Was ist also die Lösung? Ganz einfach: Stärken-Management statt Talentmanagement! Wenn genau eruiert wird, welcher Mitarbeiter oder Bewerber welche Stärken mitbringt und für welche Tätigkeiten er oder sie sich am besten eignet, muss man sich um Talent- Management keine Sorgen mehr machen und auch nicht die dabei entstehenden Lücken und Problemfelder in Kauf nehmen. Das spart im Unternehmen Zeit und Geld, steigert die Motivation der Mitarbeiter und sorgt so dafür, dass sie Höchstleistungen bringen können. Dies erhöht den Unternehmenserfolg, aber auch die Karriereerfolge der einzelnen Mitarbeiter und verbessert sogar deren Gesundheit: wer motiviert an seine Arbeit geht, wird bessere Ergebnisse erzielen, arbeitet effektiver und ist psychisch und körperlich weniger belastet. Wenn Mitarbeiter ihre Stärken im Beruf einsetzen können, wirkt sich dies auch positiv auf das Klima im Team oder der Abteilung aus, weil jeder Mitarbeiter sich voll und ganz mit seiner Tätigkeit identifiziert und kein Neid, Missgunst oder Hin- und Herschieben lästiger Aufgaben entsteht.
Wie sieht das nun konkret aus? Zunächst ist Umdenken gefragt: Defizitorientierte Fragen wie die folgenden sollten vermieden werden: „Welche Kompetenzen fehlen dem Mitarbeiter? Wo muss ich schnell eine Lücke schließen, weil eine Stelle nicht besetzt ist? Mit welchen Schwächen eines neuen Mitarbeiters muss ich leben, weil ich niemanden sonst finde, bzw. welche kann ich eliminieren?“ Wesentlich besser sind diese Fragen: „Welche Stärken bringt ein Bewerber oder Mitarbeiter mit und wo kann ich ihn optimal einsetzen, damit er seine Stärken voll entfalten kann?“ Diese Denkweise sollte im Sinne einer Stärkenkultur fest im gesamten Unternehmen verankert sein – vom Senior Management bis zu den Teamleitern, die dieses Prinzip auf Mikroebene in ihren Teams einsetzen. So kann es sein, dass nach dem Weggang eines Mitarbeiters in einem Team gar keine neue Stelle geschaffen werden muss, weil die Aufgaben auf die vorhandenen Mitarbeiter verteilt werden können, die diese viel schneller erledigen können, weil sie ihren Stärken entsprechen. Oder ein neuer Mitarbeiter wird eingestellt, dessen Stärken viel besser auf die Tätigkeit passen als die des vorherigen Mitarbeiters, sodass das Team und auch die Führungskraft entlastet werden. Personalentwicklungsmaßnahmen sind erfolgversprechender, wenn sie stärkenorientiert vorgehen, denn es werden schneller und bessere Ergebnisse erzielt. Gezielte Personalentwicklung, die sich darauf fokussiert, die Stärken der Mitarbeiter hervorzuheben und an diesen zu arbeiten, ist somit für das Unternehmen kostengünstiger und erfolgversprechender.

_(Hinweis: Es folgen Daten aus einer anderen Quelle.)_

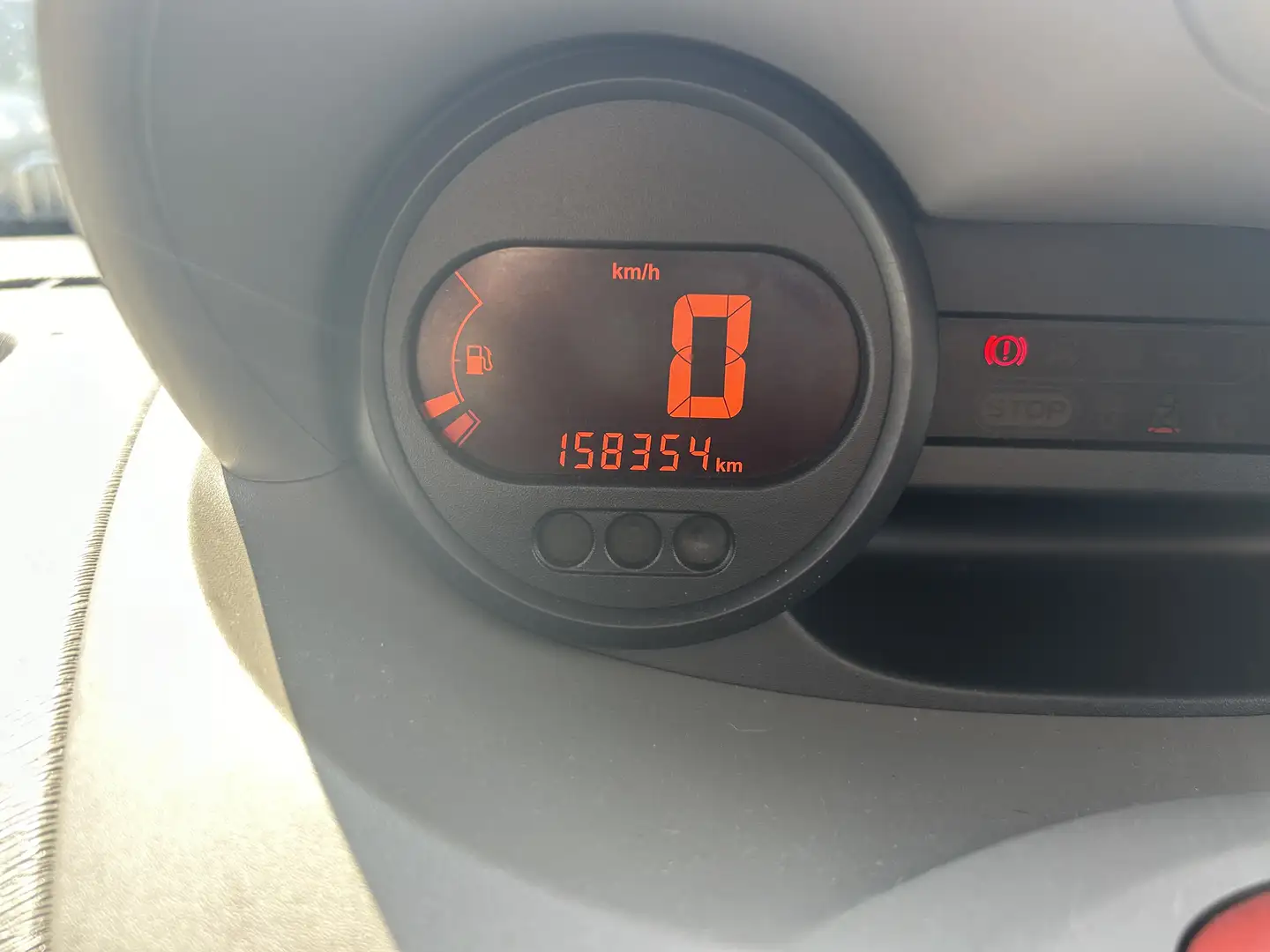 Renault Twingo 1.2 Expression Grijs - 2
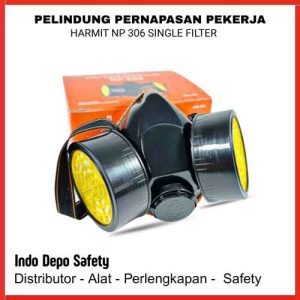 Masker Respirator Harmit NP306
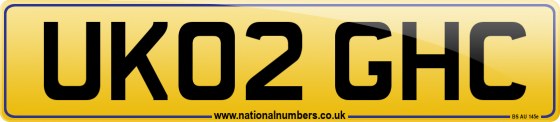 UK02 GHC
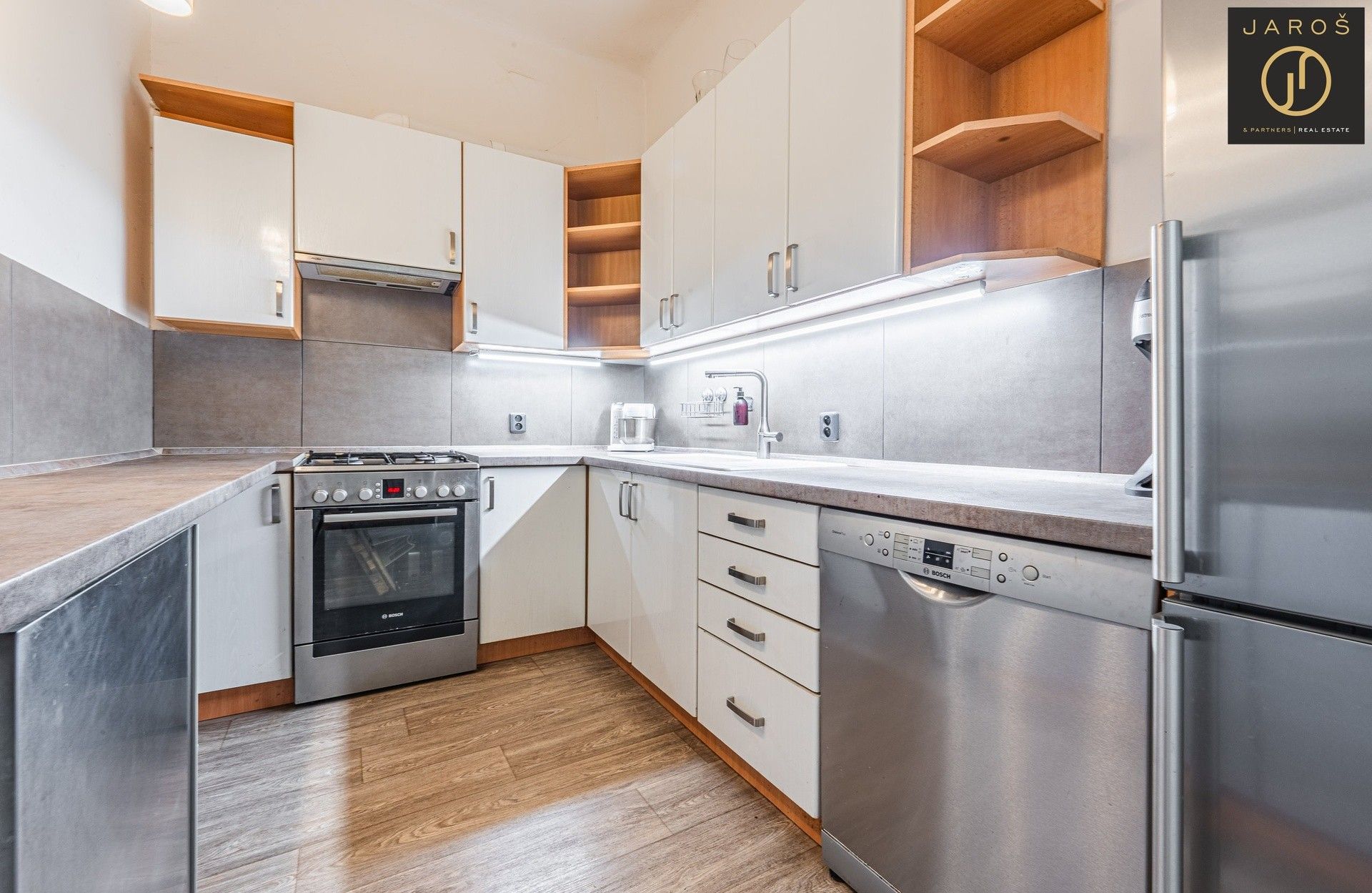 3+kk, Vršovická, Praha Vršovice, 77 m² - 2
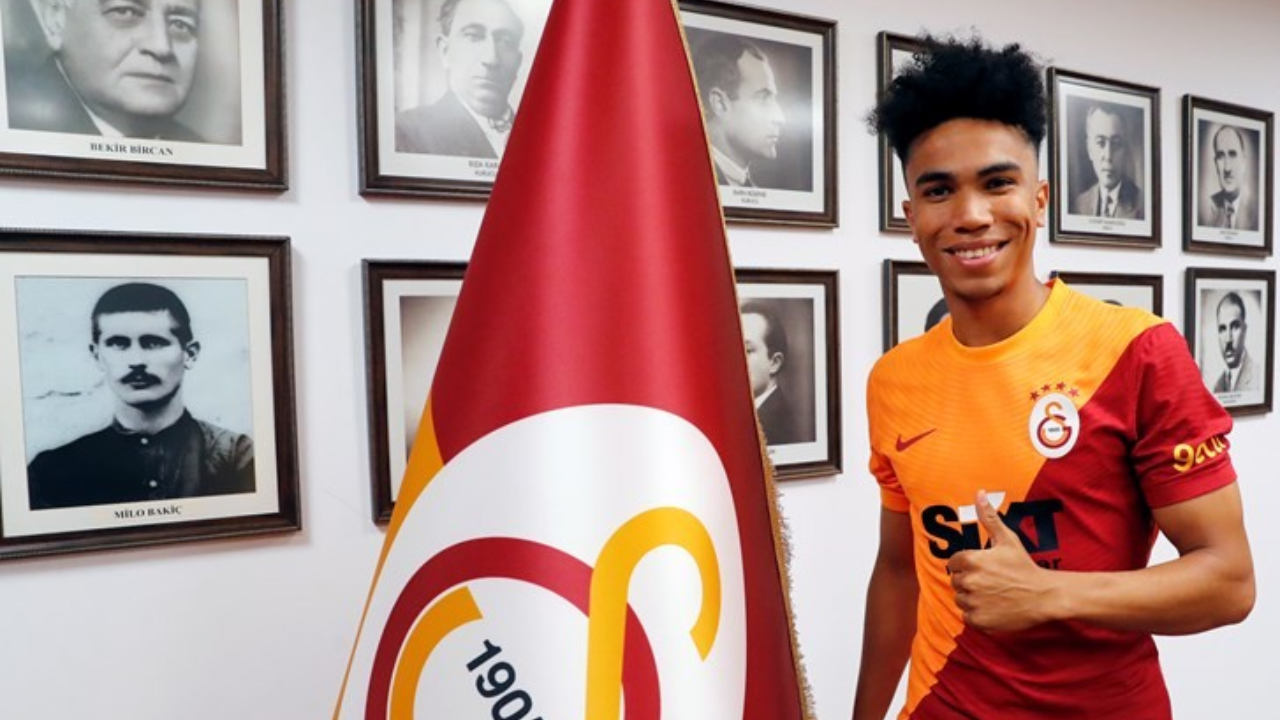 Gustavo Assunçao resmen Galatasaray'da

Stärken-Management ist das neue Talent-Management und die richtige Antwort auf die Herausforderungen der heutigen Zeit. Denn höher, schneller, weiter kommt man nicht, wenn die eigenen Schwächen einen am Boden halten, sondern wenn man durch seine Stärken einen echten Vorsprung erzielt.